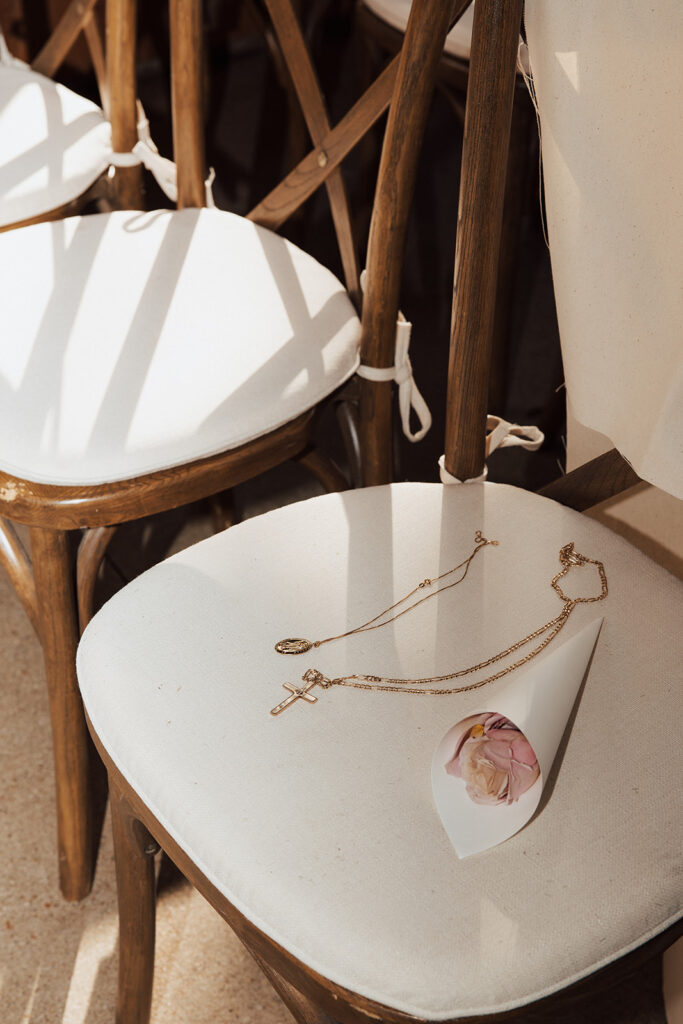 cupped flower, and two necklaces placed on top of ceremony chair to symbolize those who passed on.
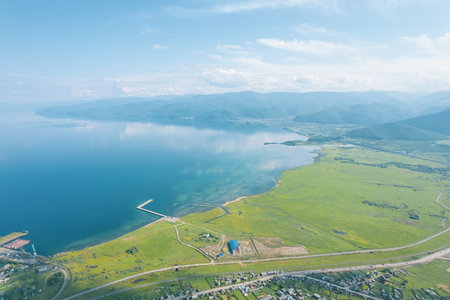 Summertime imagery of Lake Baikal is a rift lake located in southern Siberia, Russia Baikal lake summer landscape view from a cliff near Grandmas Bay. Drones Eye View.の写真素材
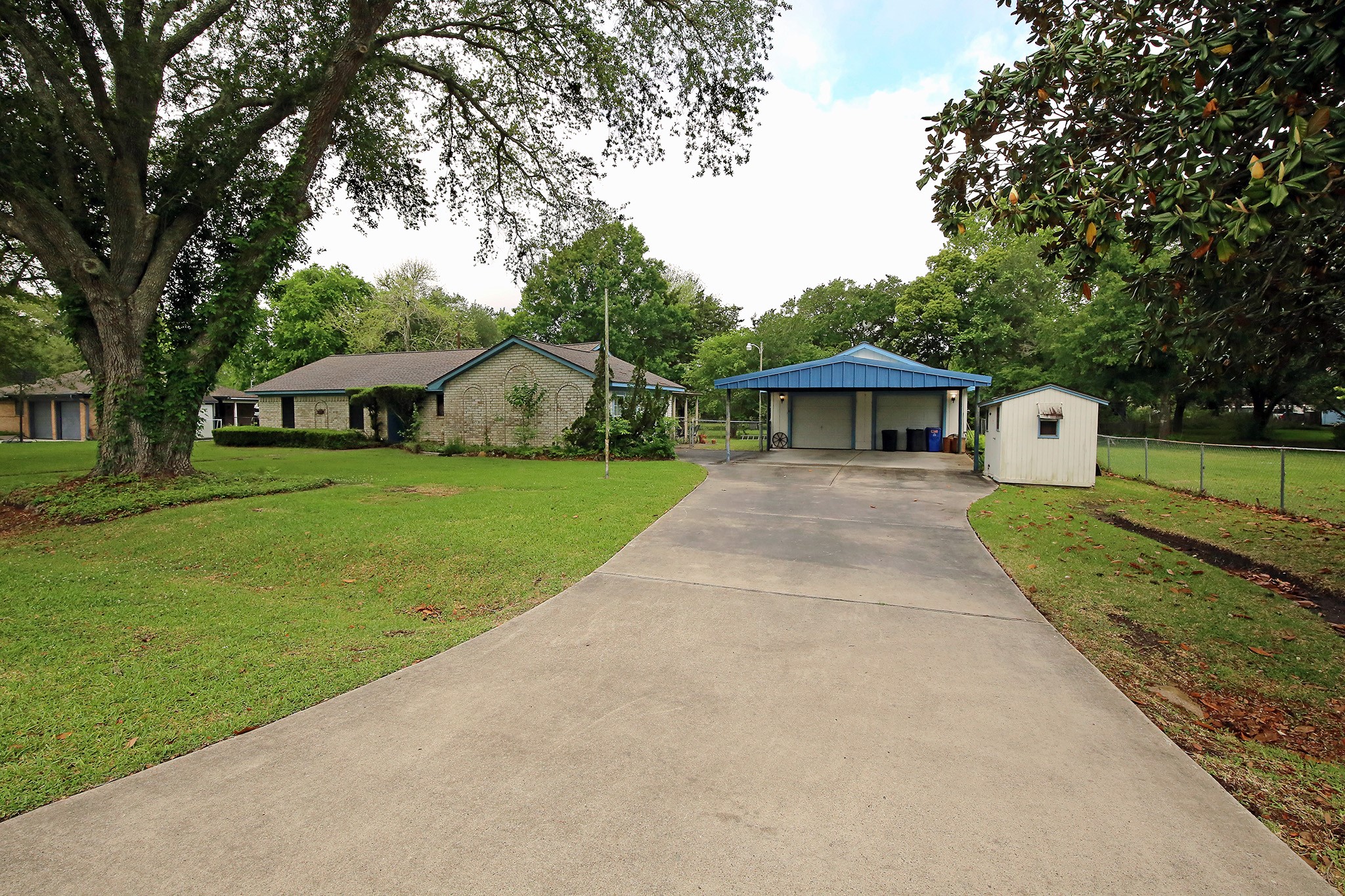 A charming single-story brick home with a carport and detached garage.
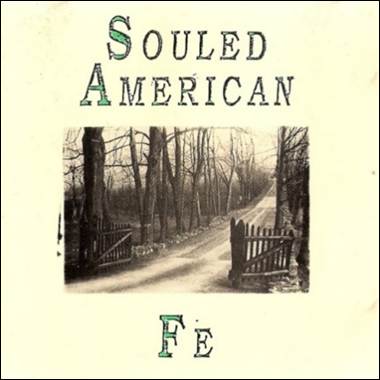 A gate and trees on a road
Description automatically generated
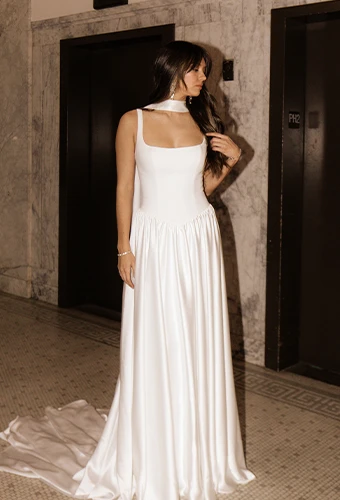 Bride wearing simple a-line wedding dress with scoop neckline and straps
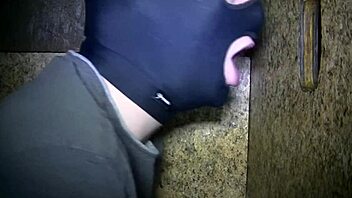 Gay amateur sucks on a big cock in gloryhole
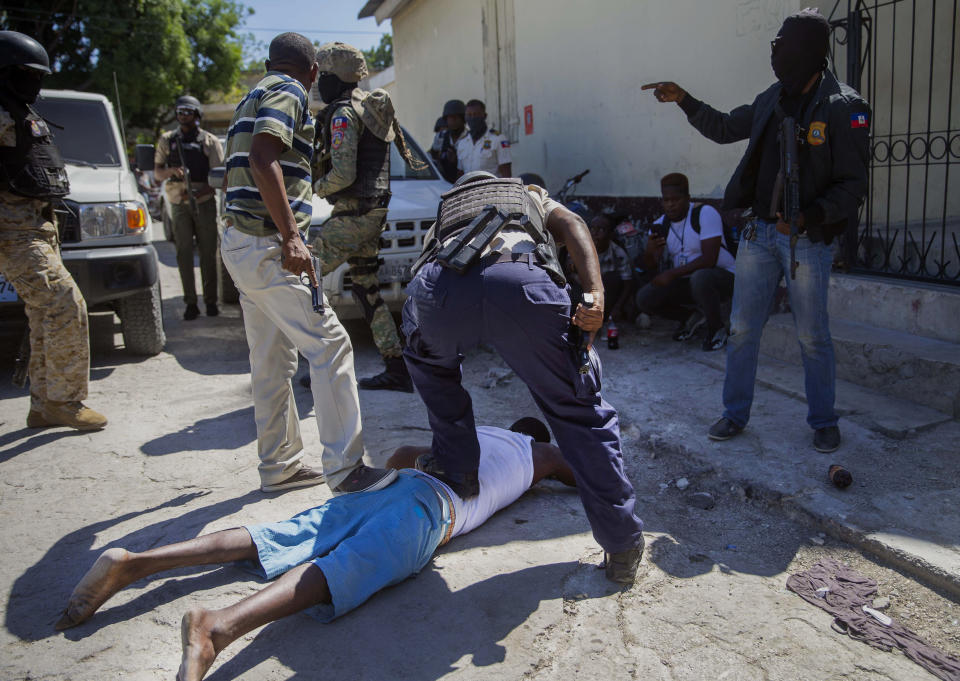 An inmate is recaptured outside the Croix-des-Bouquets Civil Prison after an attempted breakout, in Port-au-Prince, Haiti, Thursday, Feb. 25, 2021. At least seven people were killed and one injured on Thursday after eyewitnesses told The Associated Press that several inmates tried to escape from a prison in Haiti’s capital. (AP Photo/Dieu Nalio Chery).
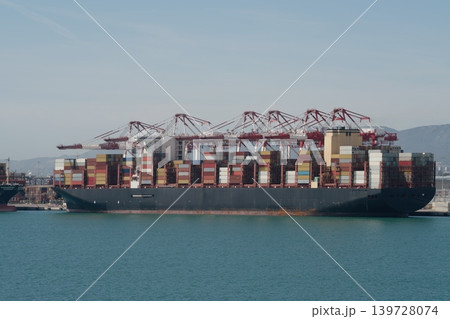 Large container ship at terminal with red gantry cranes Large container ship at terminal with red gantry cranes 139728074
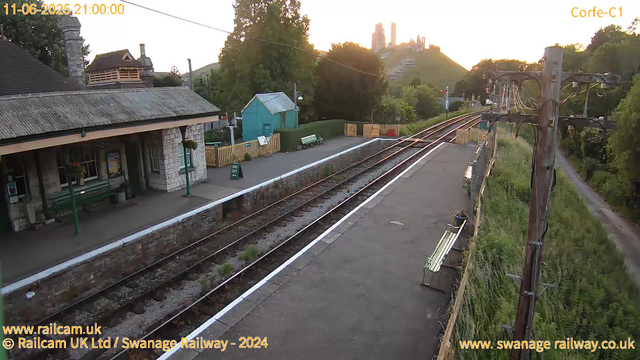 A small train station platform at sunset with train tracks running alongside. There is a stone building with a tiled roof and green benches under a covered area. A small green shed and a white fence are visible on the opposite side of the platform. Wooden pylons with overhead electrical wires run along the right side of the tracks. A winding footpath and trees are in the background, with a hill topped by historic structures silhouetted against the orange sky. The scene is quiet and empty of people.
==*==
#### Required work
Restate the data above word for word, so that the only difference is the missing pictures.

#### Solution for this problem
 cupped flower, and two necklaces placed on top of ceremony chair to symbolize those who passed on.
 Summertime imagery of Lake Baikal is a rift lake located in southern Siberia, Russia Baikal lake summer landscape view from a cliff near Grandmas Bay. Drones Eye View.の写真素材
 A charming single-story brick home with a carport and detached garage.
 A gate and trees on a road
Description automatically generated
 Bride wearing simple a-line wedding dress with scoop neckline and straps
 Gay amateur sucks on a big cock in gloryhole
 An inmate is recaptured outside the Croix-des-Bouquets Civil Prison after an attempted breakout, in Port-au-Prince, Haiti, Thursday, Feb. 25, 2021. At least seven people were killed and one injured on Thursday after eyewitnesses told The Associated Press that several inmates tried to escape from a prison in Haiti’s capital. (AP Photo/Dieu Nalio Chery).
 Large container ship at terminal with red gantry cranes Large container ship at terminal with red gantry cranes 139728074
 A small train station platform at sunset with train tracks running alongside. There is a stone building with a tiled roof and green benches under a covered area. A small green shed and a white fence are visible on the opposite side of the platform. Wooden pylons with overhead electrical wires run along the right side of the tracks. A winding footpath and trees are in the background, with a hill topped by historic structures silhouetted against the orange sky. The scene is quiet and empty of people.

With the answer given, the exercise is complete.